This set of Class 12 Maths Chapter 3 Multiple Choice Questions & Answers (MCQs) focuses on “Symmetric and Skew Symmetric Matrices”.
1. The matrix A=\(\begin{bmatrix}1&2\\2&1\end{bmatrix}\) is a ____________
a) symmetric matrix
b) skew-symmetric matrix
c) null matrix
d) diagonal matrix
View Answer
Explanation: Given that, A=\(\begin{bmatrix}1&2\\2&1\end{bmatrix}\)
⇒ A’=\(\begin{bmatrix}1&2\\2&1\end{bmatrix}\)
i.e.A=A’. Hence, it is a symmetric matrix.
2. Which of the following conditions holds true for a symmetric matrix?
a) A=-A’
b) A=A’
c) A=IA
d) A=|A|
View Answer
Explanation: A matrix is A said to be a symmetric matrix if it is equal to its transpose i.e.
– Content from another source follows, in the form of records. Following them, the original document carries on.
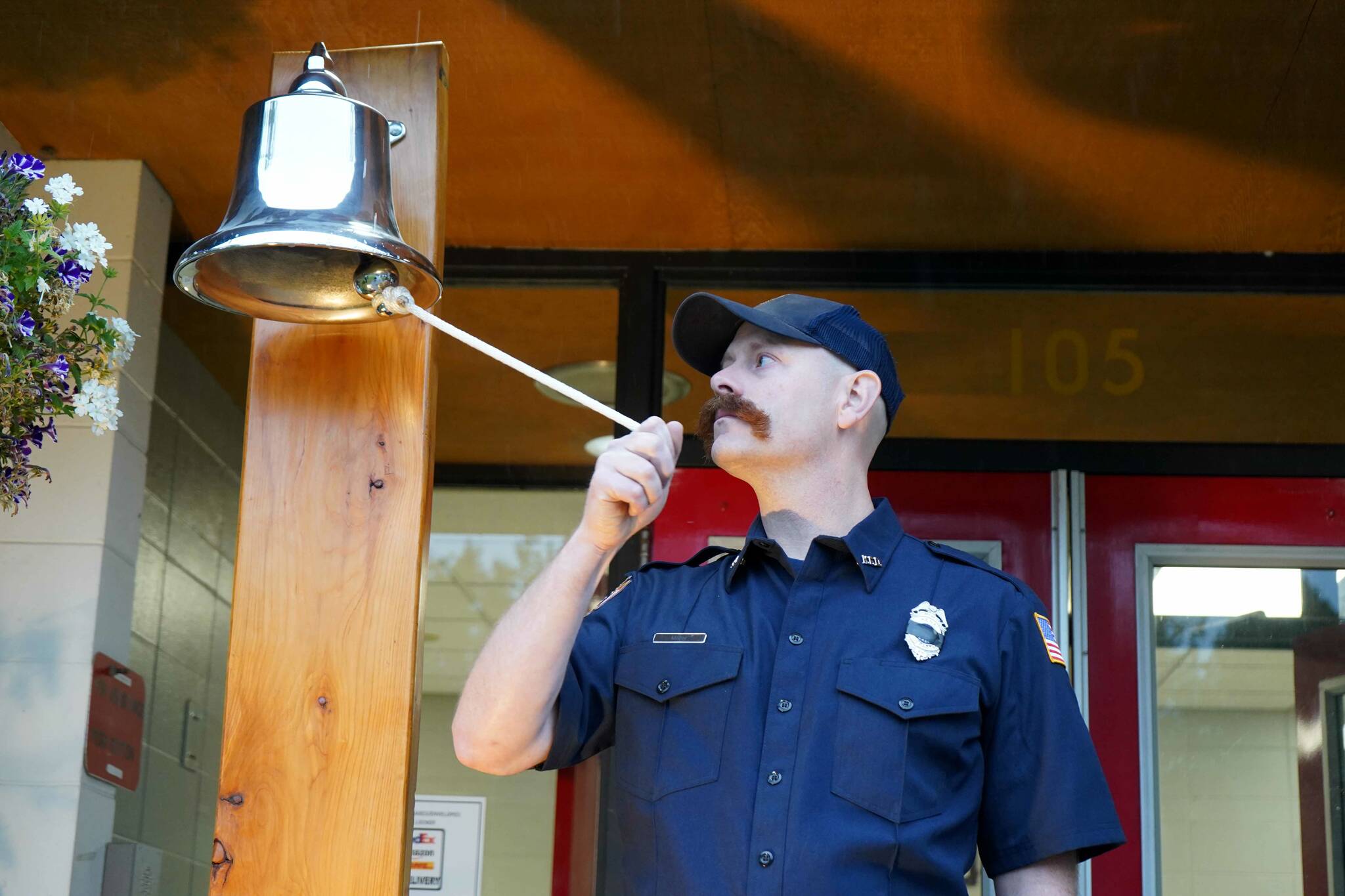 Mitch Miller, of the Kenai Fire Department, rings a bell in commemoration of the emergency services personnel who lost their lives in the Sept. 11, 2001, attacks during a commemoration ceremony at Kenai Fire Department in Kenai, Alaska, on Wednesday, Sept. 11, 2024. (Jake Dye/Peninsula Clarion)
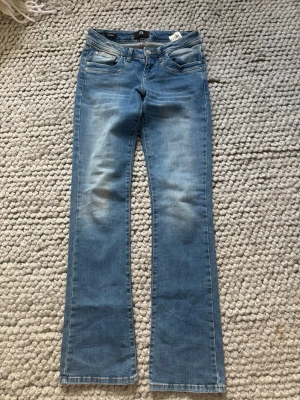 Blå bootcut jeans från LTB - Snygga blå bootcut jeans från LTB med väldigt låg midja och lätt slitning. Jeansen är tillverkade i stretchigt denim för en bekväm passform. Perfekta för en avslappnad och trendig look.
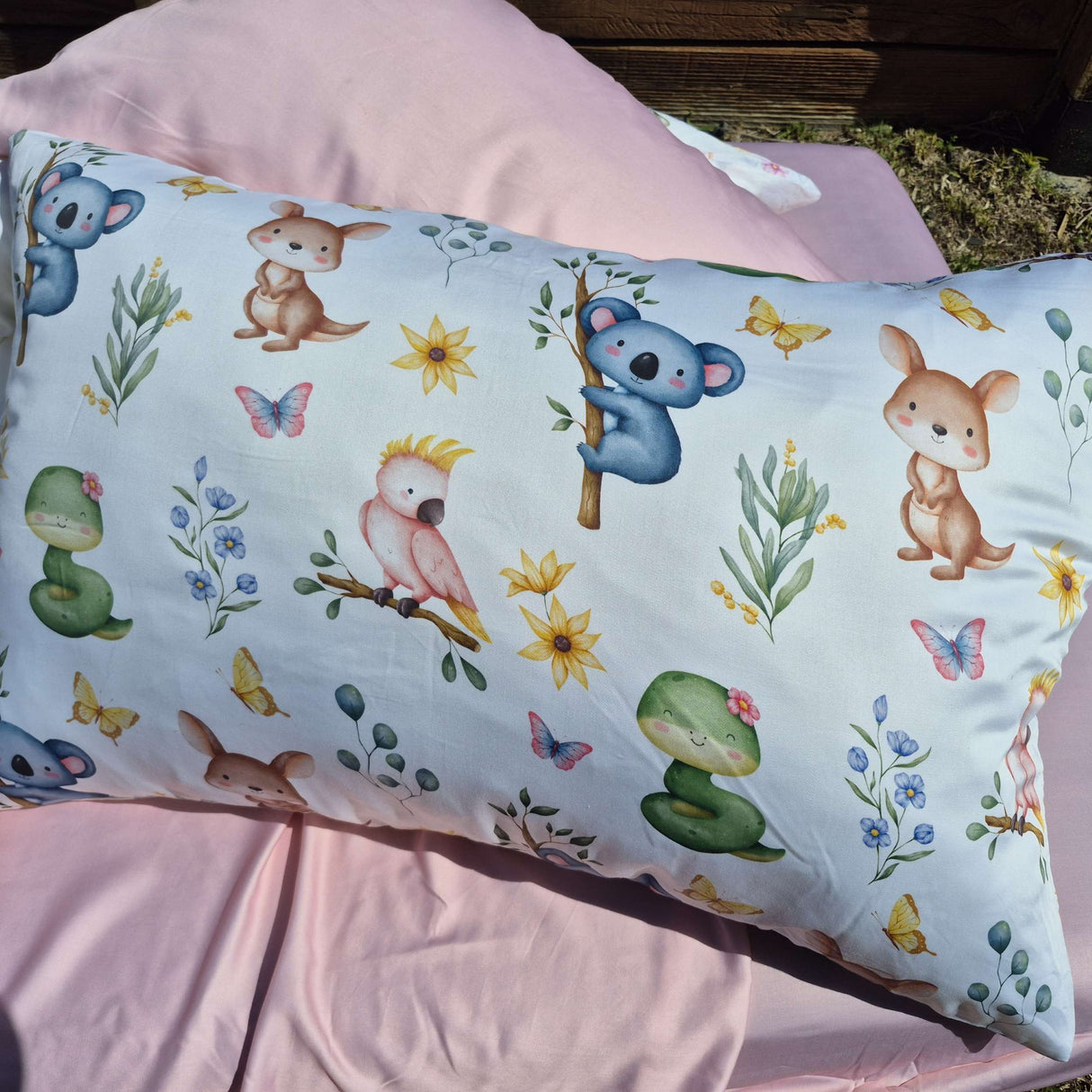 Pillow with animal and nature pattern on a pink background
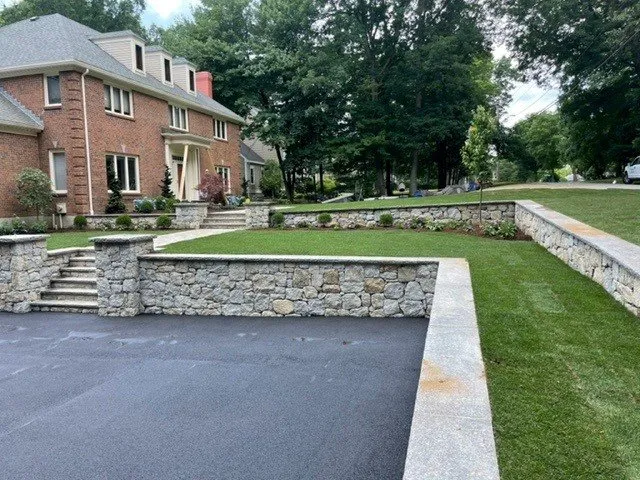 Local yard cleanup service for homes in Whitinsville, MA by Mass Landscapes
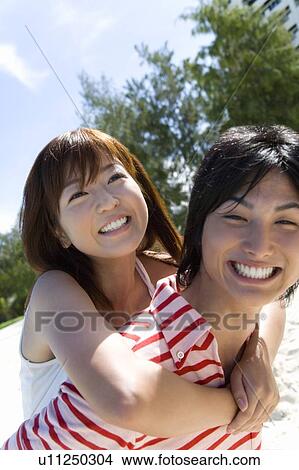 Picture - Young woman embracing man from back, smiling, Saipan, USA . Fotosearch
A=A’.
3. Which of the following conditions holds true for a skew-symmetric matrix?
a) A=IA
b) A=|A|
c) A=A’
d) A=-A’
View Answer
Explanation: A matrix is said to be skew-symmetric if it is equal to the negative of its transpose i.e. A=-A’.
4. Any square matrix can be expressed as a sum of symmetric and skew-symmetric matrix.
a) True
b) False
View Answer
Explanation: The given statement is true. Every square matrix can be expressed as a sum of sum of symmetric and skew-symmetric matrix.
If A is a square matrix then it can be expressed as
A = \(\frac{1}{2}\)(A+A’)+\(\frac{1}{2}\)(A-A’), where (A+A’) is symmetric and (A-A’) is skew-symmetric.
5. The matrix A=\(\begin{bmatrix}0&1&-1\\-1&0&1\\1&-1&0\end{bmatrix}\) is __________
a) scalar matrix
b) identity matrix
c) symmetric matrix
d) skew-symmetric matrix
View Answer
Explanation: The given matrix A=\(\begin{bmatrix}0&1&-1\\-1&0&1\\1&-1&0\end{bmatrix}\) is skew symmetric.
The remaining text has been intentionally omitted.